La première grave crise des banlieues intervient à Vénissieux, mais aussi à Vaulx-en-Velin et Villeurbanne, une secousse que la France découvre avec stupéfaction, au cours de l’été 81. Sur le plateau des Minguettes, deux histoires se croisent, celle des grands ensembles urbains, et celle de la première crise économique grave du début des années 70. Chômage de masse, départ des classes moyennes, phénomène de ghettoïsation, logements vacants, copropriétés en difficulté : lieu du premier accès à la modernité et au confort dans les années 60, les barres et HLM deviennent peu à peu, le lieu de la détresse sociale et du désarroi. La jeunesse se sent exclue, discriminée, sans avenir ni perspective. A l’été 81, l’explosion est brutale. La colère qui s’exprime, à Vénissieux, mais aussi à Vaulx-en-Velin et Villeurbanne, surprend la France.
Mais cette colère, qui débouchera sur le mouvement civique de la Marche pour l’égalité, contient une autre réalité profonde : le sentiment légitime que le pacte républicain ne s’adressait pas à tous les territoires, qu’il ne s‘adressait pas à toutes les populations, qu’il excluait les jeunes générations, les ouvriers, les immigrés. L’État a quitté les quartiers populaires, le pacte Républicain est devenu, non pas indivisible, mais divisible, à géométrie variable.
Je vais peut-être vous surprendre, Monsieur le Ministre, mais Vénissieux a fait de cette explosion sociale si précoce une chance entre guillemets, quand bon nombre de villes populaires allaient connaître des difficultés identiques, dans les années 90 et 2000, et encore aujourd’hui. Cette chance, c’est d’avoir su réagir vite, et d’avoir inscrit nos actions dans le temps et dans la durée.
Nous avons compris que ce qui se jouait dans les quartiers populaires, c’était ni plus ni moins que l’avenir du pacte Républicain, c’était la présence des services publics et du droit régalien (éducation, sécurité publique, accès à la santé), c’était la question de la citoyenneté et de la culture, c’était d’impliquer les habitants et la jeunesse, dans le cadre de la rénovation urbaine en cours, du plateau des Minguettes.
Depuis maintenant 30 ans, nous n’avons jamais changé de cap, et la ville a maintenu, souvent contre vents et marées et contre les politiques libérales, l’ensemble de ses objectifs. Il n’y a pas si longtemps, l’idée de maintenir des équipements sportifs et culturels aux Minguettes, de gagner de nouveaux habitants, de rénover des copropriétés, de construire des immeubles à taille humaine, cette idée d’une renaissance du plateau pouvait faire sourire certains. Le pari paraissait injouable ! Peine perdue, pour eux, pas pour nous, pas pour les habitants.
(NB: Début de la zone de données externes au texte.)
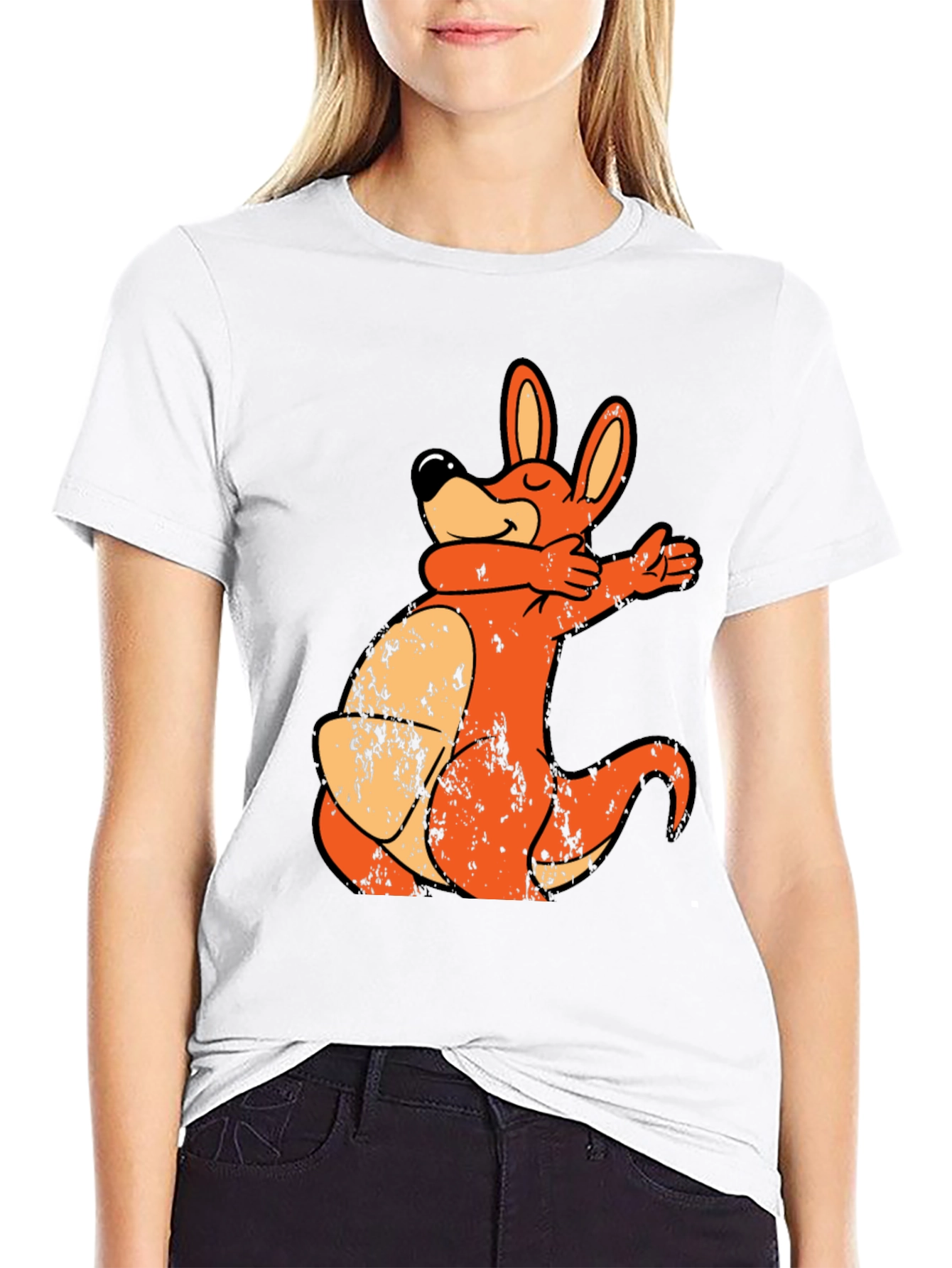 Cartoon Kangaroo Dab T-Shirt - Unique Design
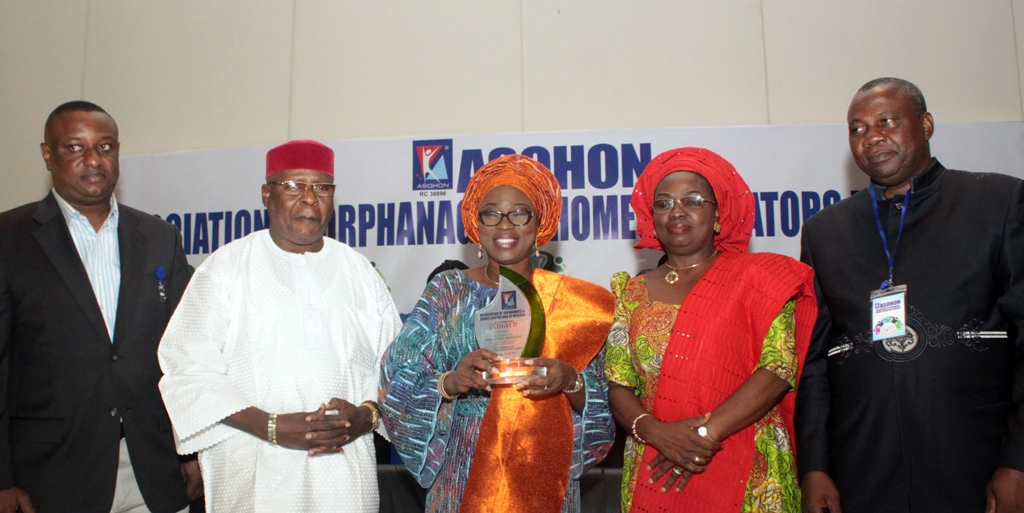 Wife of Lagos State Governor, Mrs. Bolanle Ambode (middle), with the National President, Association of Orphanages and Homes Operators in Nigeria, Rev. (Mrs.) Dele George (2nd right), her husband, Captain Jide George (2nd left), Barrister Festus Keyamo (left) and the National Secretary, ASOHON, Rev. (Dr.) Gabriel Oyediji (right) during ASOHON’s maiden National Conference at the Eko Hotel & Suites, Victoria Island, Lagos, on Saturday, August 22, 2015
Le cinéma Gérard Philipe, l’école de musique Jean Wiener, le centre académique Michel Delay, les maisons de la Darnaise, l’ilôt du Cerisier, la ligne du tramway T4, bientôt la ZAC Vénissy et la ZAC Armstrong : le plateau a été désenclavé et s’est ouvert aux quartiers environnants, il s’est ouvert à Vénissieux comme il s’est ouvert, dans un axe nord-sud, à l’agglomération lyonnaise. Les Minguettes ont avancé parmi des quartiers qui, eux-mêmes, étaient tirés par le haut, et ce double balancier a profité au plus grand nombre, à savoir à l’ensemble des Vénissians.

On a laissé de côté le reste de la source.